The standard applies to VHF radiotelephone equipment operating in the maritime mobile band (156-174 MHz) with integrated Class D DSC facilities. It covers shipboard equipment intended for both compulsory GMDSS carriage (SOLAS vessels) and non-SOLAS applications (pleasure craft, fishing vessels, and inland waterways).

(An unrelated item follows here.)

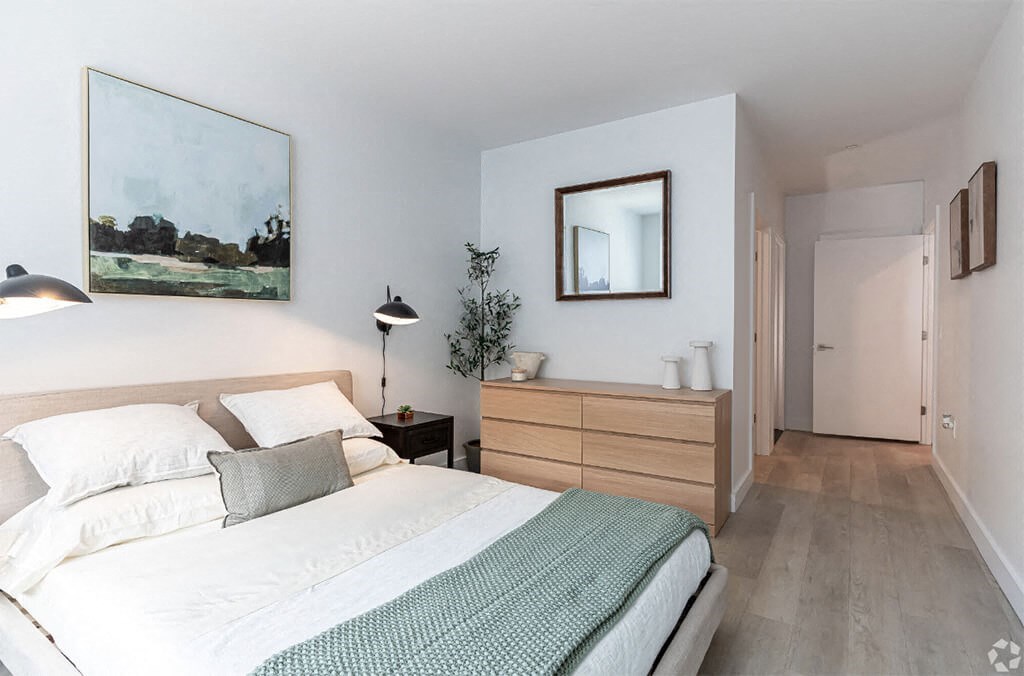 a bedroom with a bed and a mirror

| Parameter | DSC Class D Requirement | IEC 62238 Test Reference |
|---|---|---|
| DSC operating frequency | 156.525 MHz (Channel 70) | Clause 8.2 Frequency accuracy |
| Frequency tolerance | ±10 ppm (transmitter) | Clause 8.3.2 Carrier frequency |
| Modulation for DSC | FSK, 1700 Hz deviation, 1200 baud | Clause 8.4 Modulation characteristics |
| DSC message format | ITU-R M.493 (10-bit dot pattern, 7-bit code) | Clause 8.5 Message format |
| Receiver sensitivity (DSC) | ≤ 1 μV emf for 10% PER (packet error rate) | Clause 9.2 Sensitivity |
| Adjacent channel selectivity | ≥ 70 dB at ±25 kHz | Clause 9.4 Selectivity |
IEC 62238 provides detailed test procedures organised into transmitter measurements, receiver measurements, and DSC decoder/encoder validation. The test conditions are specified for both normal (15-35 °C, 96-106 kPa) and extreme environmental conditions throughout the equipment’s specified operating temperature range.

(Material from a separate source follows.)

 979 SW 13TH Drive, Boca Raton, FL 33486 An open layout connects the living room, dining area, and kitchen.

Transmitter tests include carrier power (typically 25 W for high power, 1 W for low power), frequency error, modulation limiting, and spurious emission measurements. The standard requires that transmitter spurious emissions do not exceed 0.25 μW for frequencies below 1 GHz and 1 μW above 1 GHz, measured in a 50 Ω load.

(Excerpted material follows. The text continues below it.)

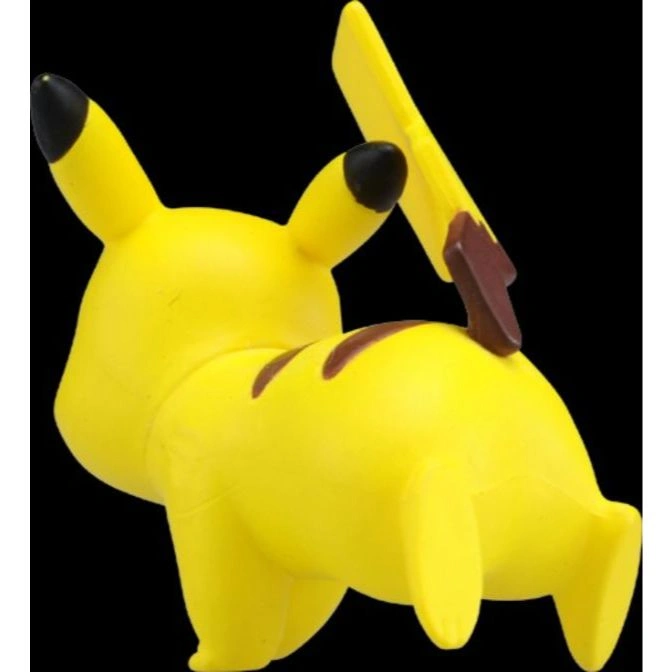  Yellow Pikachu toy with black-tipped ears and a lightning bolt tail, viewed from the back.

Receiver tests cover sensitivity (12 dB SINAD for voice, 10% PER for DSC), adjacent channel selectivity, intermodulation rejection (typically ≥ 68 dB), blocking, and spurious response rejection. The standard also specifies conducted and radiated spurious emission limits for the receiver local oscillator.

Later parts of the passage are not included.